167 points | by nikcub 8 hours ago

68 comments

xg15 6 hours ago
> After config fetch, the SDK opens a persistent WebSocket to:
wss://proxyjs.brdtnet.com:443
This hostname resolves to AWS Global Accelerator IPs
There is some irony that both the scrapers and the websites being scraped are probably hosted on AWS, while playing an elaborate cat-and-mouse game pretending that they weren't.
[-]
- trumpdong an hour ago
  Cloudflare sells DDoS protection services to DDoS control panels.
- BLKNSLVR 2 hours ago
  Adding to DNS block list immediately.
  [-]
  - xg15 2 hours ago
    Don't forget the config endpoint before as well.
    > On every launch the SDK calls:
    GET <https://clientsdk.bright-sdk.com/sdk_config_ios.json>?appid=<bundle>&ver=<sdk-version>&uuid=sdk-ios-<32hex>
- cyanydeez 5 hours ago
  Kind how the American government needs commercial businesses which they poorly regulate so those businesses provide privacy invasions as a legal means to wash their hands.
  [-]
  - rootsudo 3 hours ago
    Same for arms dealing, and every other industry.
cobbzilla 6 hours ago
I never connect any “smart” device to wifi. If it doesn’t work without connectivity, I don’t want it. I use my TVs as display devices. They have HDMI-in and that’s it.
[-]
- graypegg 3 hours ago
  I have a smart TV that's never spoken to the internet after exiting the factory, but it's a pretty tenuous state of affairs. I have this fear that someone staying over is going to see the "Services unavailable, press [menu] to troubleshoot" toast that shows up overtop the HDMI feed for a few seconds and think they're helping me by connecting it. 4-5 years worth of firmware updates all at once... half a decade of watch data somehow extracated from the HDMI feed and stored for precisely this moment... ads everywhere. Even if it doesn't happen instantly, I can only assume there's some flag deep in the OS called makeEverythingWorse just waiting to be flipped on the femtosecond The Beast catches a whiff of a slightly-higher patch number; now content in it's doomed state after having fufilled it's one true purpose of telling someone at samsung my favourite show is HDMI2.
  I have had to back my mother down from that precipice on her own TV so I know it's worth worrying about. The siren call of an entirely empty TV homescreen beckoning us with a struck-out radio tower icon. "We have Disney+ and CraveTV too... press [menu]... pay no attention to the sticky note your son put on the coffee table"
  [-]
  - dawnerd an hour ago
    I fear the same but made sure I block basically everything at the network level.
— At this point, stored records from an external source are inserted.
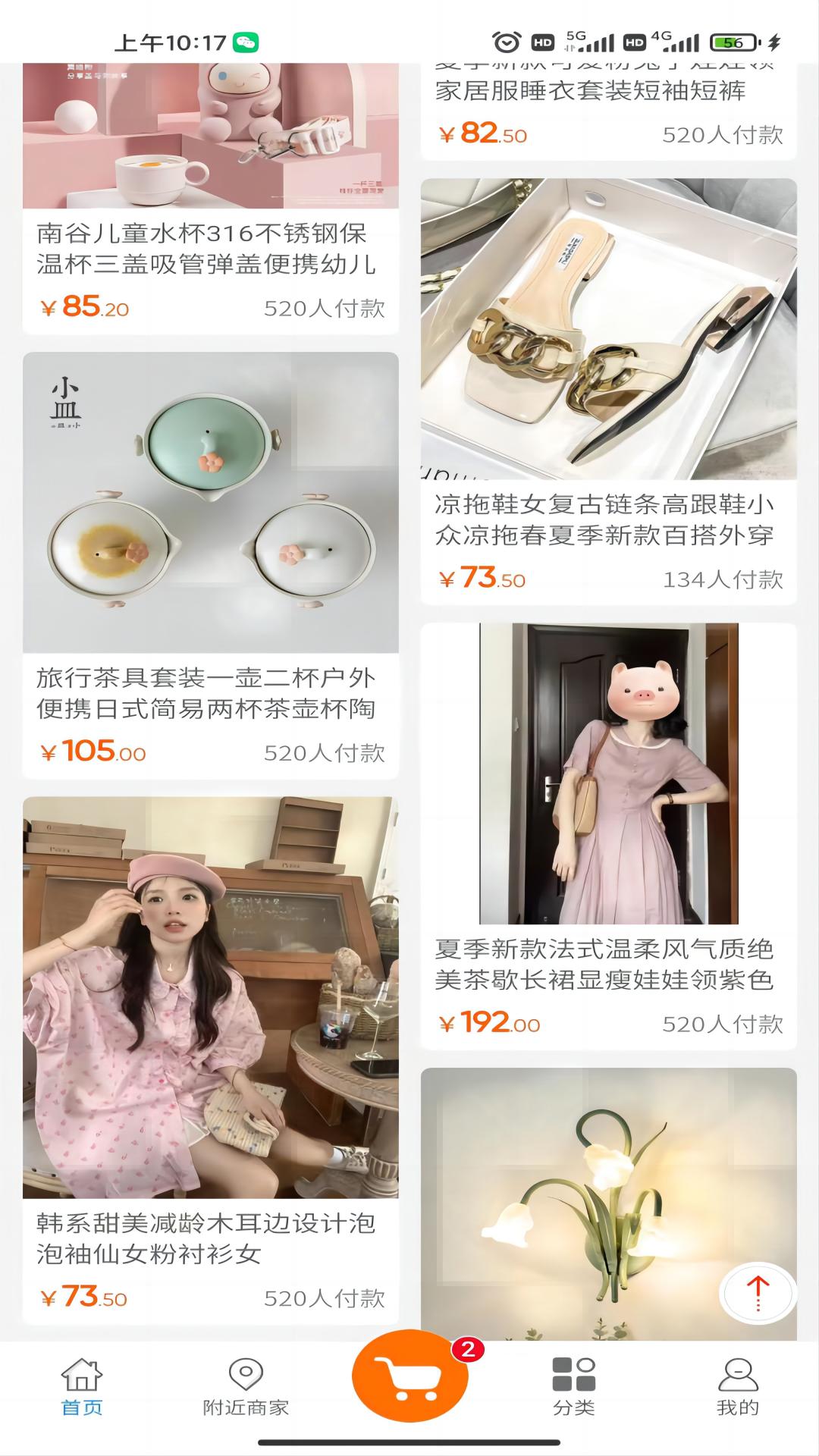 七七生活截图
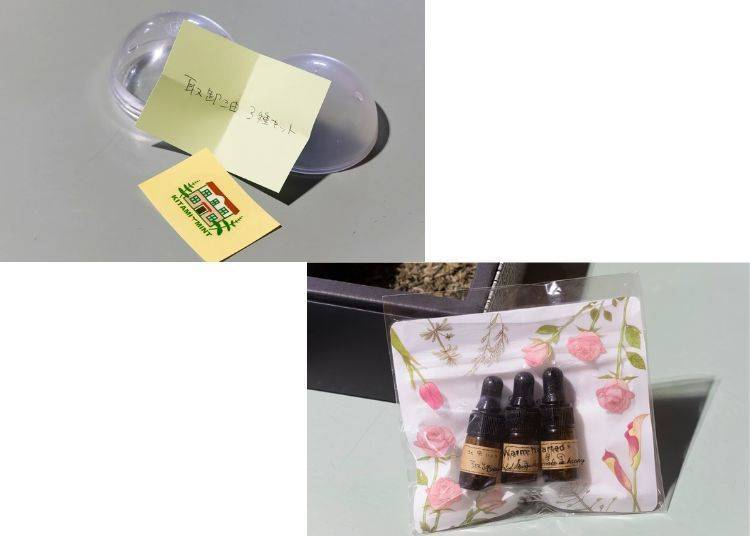 ▲僅在「薄荷之日(6/20)」當天限定舉辦的扭蛋抽獎活動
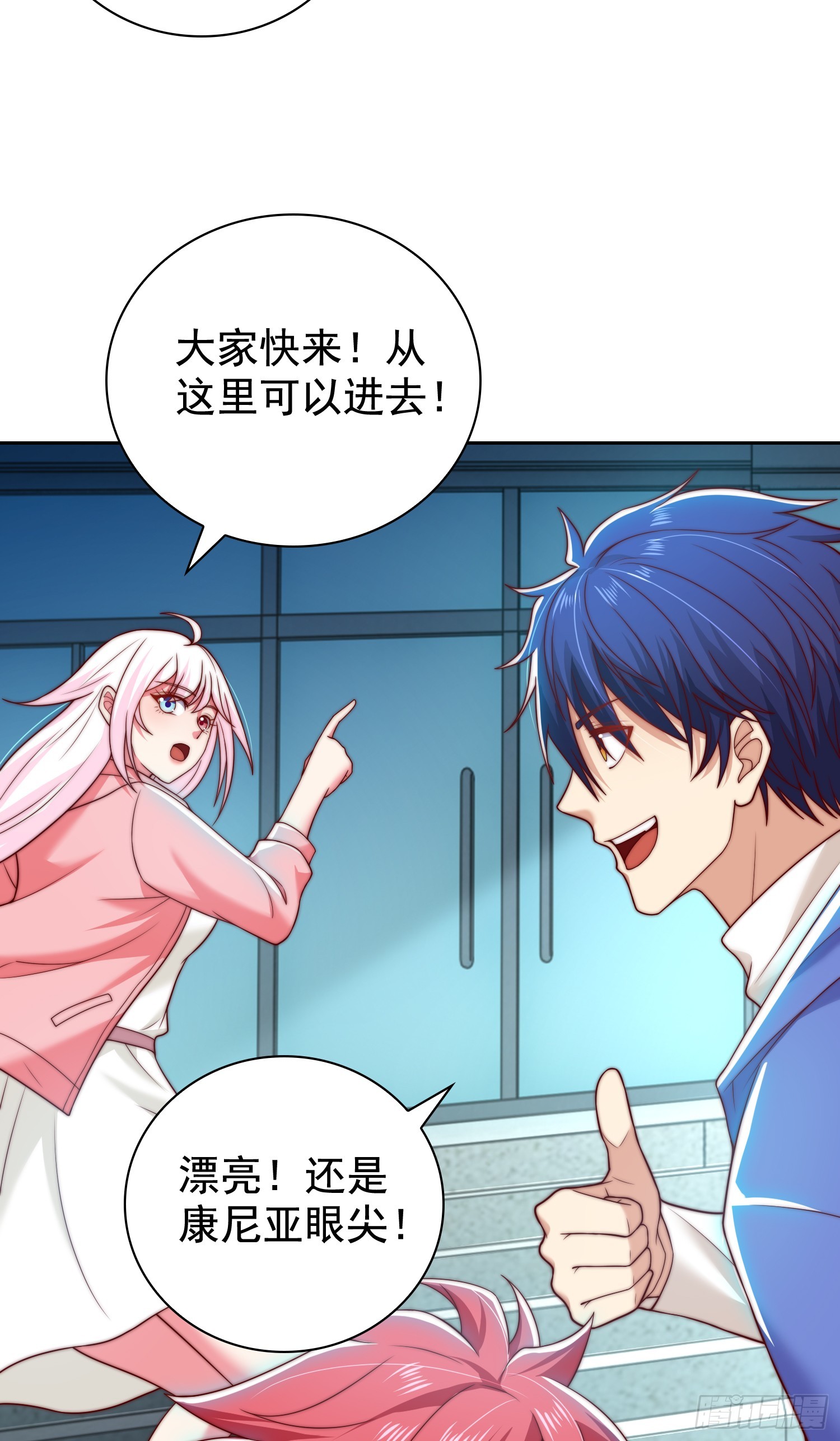 第104话 拯救女高中生行动！23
First thing I do is hook the tv to the network and black hole its mac.
    [-]
    - dreamcompiler 40 minutes ago
      Or open up the TV and disable its wifi hardware.
      [-]
      - rationalist a minute ago
        That is the only solution, otherwise there is no guarantee that someone just won't connect the TV to their phone's hotspot.
  - dylan604 2 hours ago
    > I have this fear that someone staying over is going to
    This happened to me. After they left, I tried a factory reset, but I don't have confidence there's not some code to remember previously saved wifi connections because my tinfoil hat is firmly in place. However, as you've said I only use the TV as an HDMI receiver. None of the TV's apps are used again. So I'm not sure how much they can detect from just the use of the HDMI port as the only thing being used. The games we play to get the subsidized pricing.
    [-]
    - Eisenstein 2 hours ago
      HDMI is heavily used for ACR (automatic content recognition) in smart TVs:
      "Our findings indicate that (1) ACR operates even when it is used as a “dumb” display via HDMI"
      "For both LG (a) and Samsung (b)TVs, the scenarios with the highest ACR traffic are Linear and HDMI."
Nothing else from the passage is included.